We therefore sought to understand the values ascribed to high altitude mammals in local folklore. While we were open to stories on any wildlife species, we found an adequate number of stories on the primary wild prey, the ibex (Capra sibirica) and its top predators, the wolf and the snow leopard (Panthera uncia). Together, the two carnivores are responsible for most of the livestock predation by wild animals in the Central and South Asian high mountains (Jackson et al., 2010; Mishra and Suryawanshi, 2014). People’s attitudes toward these carnivores, however, are not defined by livestock losses alone but are influenced by socio-cultural factors like perceptions of risk as well as social norms (Bhatia et al., 2020).
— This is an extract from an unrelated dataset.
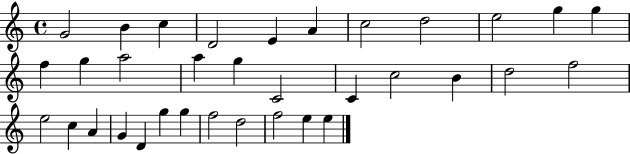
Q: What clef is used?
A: treble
We also contrasted values associated with these real-life, damage-causing predators with a mythical predator, the snow lion or seng ge, that is not responsible for livestock predation. This allowed a better understanding of whether and how values differed based on people’s lived experiences.

Materials and Methods

Study Area

Previously located in the Indian State of Jammu & Kashmir and now a Union Territory, Ladakh is a cold-desert where elevations exceed 3500 m above msl with temperatures ranging from –30 °C to 30 °C in winter and summer, respectively. The region is inhabited by wild ungulates like the ibex, blue sheep (Pseudois nayaur), Tibetan argali (Ovis ammon), Ladakh urial (Ovis vignei), and Tibetan gazelle (Procapra picticaudata), and predators like the snow leopard, wolf, and lynx (Lynx). There is a widespread belief in the existence of a mythical creature called the snow lion or seng ge, frequently referred to in Tibetan Buddhist folklore. This carnivorous animal is believed to reside in remote glaciers. Its image is often carved or sculpted outside monasteries in Ladakh. It has a white body and a turquoise mane. The snow lion shares many traits with the snow leopard, for example, it has the ability to hunt and survive in the cold. It also possesses a camouflaged coat and a bushy tail. However, unlike the snow leopard it does not cause livestock depredation.
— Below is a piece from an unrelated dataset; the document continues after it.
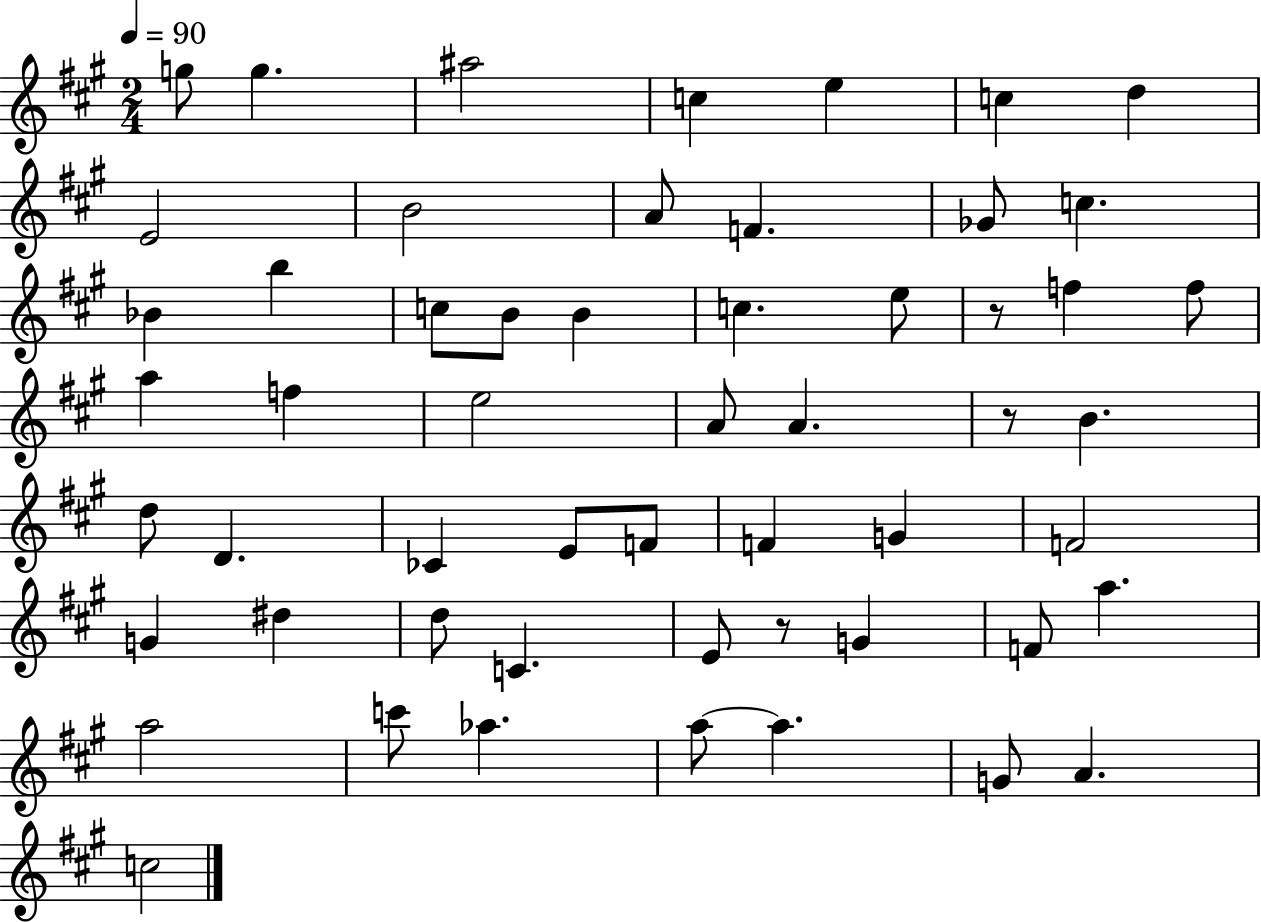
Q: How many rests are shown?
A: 3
Ladakh has had various cultural influences especially from Central Asian, Balti, Kashmiri and Tibetan cultures, owing to its prominent place on the historic Silk Route (Rizvi, 1999; Sheikh, 2010). People’s customs and practices have been influenced by Bon (animistic religion), Buddhism and later, Islam. At present, people practice either Mahayana Buddhism or Twelver Shi’i Islam (Gupta, 2012; Bhatia et al., 2017). Most Ladakhis (Buddhists and Muslims) believe in the presence of protective deities (lhas and klus) at the level of the family, the village, and the mountains (Dollfus, 1997; Butcher, 2013). There is a widespread belief in shamanism in which deities are believed to communicate through designated oracles (female oracles are known as lha-mo and males as lha-pa, translated as “divine persons”) (Kressing, 2003). People occasionally consult astrologers (onpo) for advice and predictions, or to appease the deities. Buddhist communities seek the advice of monks as well as Tibetan medical practitioners (amchis) for their emotional and physical well-being. As in neighboring high-altitude landscapes, Ladakhis, too, engage in agriculture and livestock rearing for subsistence. Some of the socio-political drivers of change in this landscape include a period of colonialism, the presence of the Indian army post-independence, and increasing levels of domestic and international tourism in recent years (Bray, 2007).

Data Collection

We collected folklore around wildlife using a combination of online and library searches, and field-based interviews. Targeted online literature searches were conducted using the Pahar database (www.pahar.in, accessed on December 16, 2018), and publications uploaded by journals like International Association of Ladakh Studies (www.ladakhstudies.org/ladakh-studies-journal accessed on April 01, 2016), and Himalaya (www.himalayajournal.org, accessed on April 01, 2016), with a focus on articles on Ladakh and/or Jammu & Kashmir. The keywords broadly included terms like “Ladakh,” “Jammu & Kashmir,” “Wildlife,” “Folk,” “Culture.”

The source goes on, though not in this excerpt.